Heart check! Where is it? Heavenly or earthly? You’ve been raised with Christ and your identity is found in Him. Your life is now hidden with Christ in God. The things of this world do not matter as much to you now because you’re part of a King and a Kingdom. Does the mean that you shouldn’t take interest in anything that is going on around you? It doesn’t mean that. What it means is, what has your heart? What gets you worked up? Where are your emotions focused? What occupies your Facebook posts? I’m not sure how much I’m kidding about that last one…

Because you have died with Christ, you now look different than you did before. The first list Paul gives (Sexual immorality, impurity, lust, evil desires and greed) are things that get hit on often from pulpits. These are the things that are bringing God’s wrath because they do not embody the Creation that He intended for us to be. He then gives an “also” to the list and these we really need to pay attention to and ask ourselves how we are doing with this. Anger, rage, malice (spite, hatred, etc.), and filthy language…do not lie to each other. These things are not what the New Self looks like that you have put on in Christ.
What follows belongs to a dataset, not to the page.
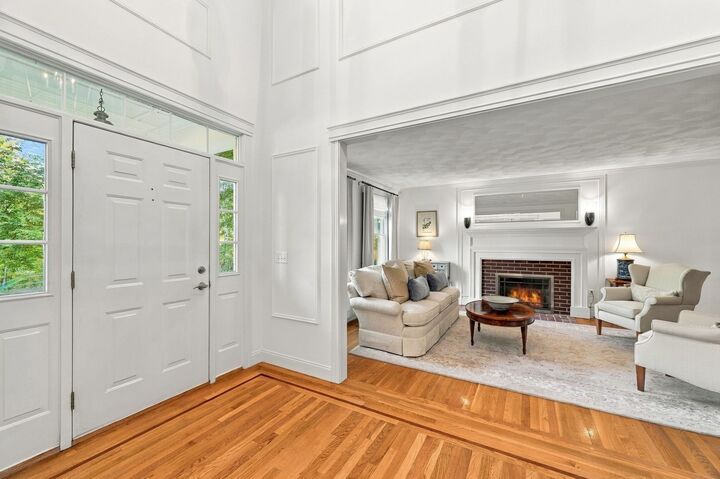 Property Photo:  37 Chestnut Street  MA 01845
When was the last time you were angry? Enraged? Had spite or hatred? Or simply just lied to someone?

Flip this list around. Christians should be some of the most calm, loving, level headed, kind hearted, honest people the world has ever met. Is this you? What needs to change for it to be you? Continue to look at the image of Christ and examine yourself to see that changes that need to take place for you to be the New Creation that God has called you to be in Christ. Clothe yourself with compassion, kindness, humility, gentleness and patience. Be forgiving. Encourage each other. Above all, love deeply as Christ has loved you. Take a moment to reflect on the love of God, displayed in Christ, and allow this love to transform you. Putting on this love will bring all of these other virtues out in perfect unity. How are we (you) doing with that?

Verse 15 is incredibly powerful for me. I feel like most of the Christians around me are incredibly anxious. What does that tell the world around us about the peace of Christ? It is ruling your heart? We’ve been called to peace. When was the last time you felt the peace of God reign in your life? What is keeping that peace from being reality? Is this peace realized in our families? How we act toward one another? Do all things as though you are doing them for Christ and no one else.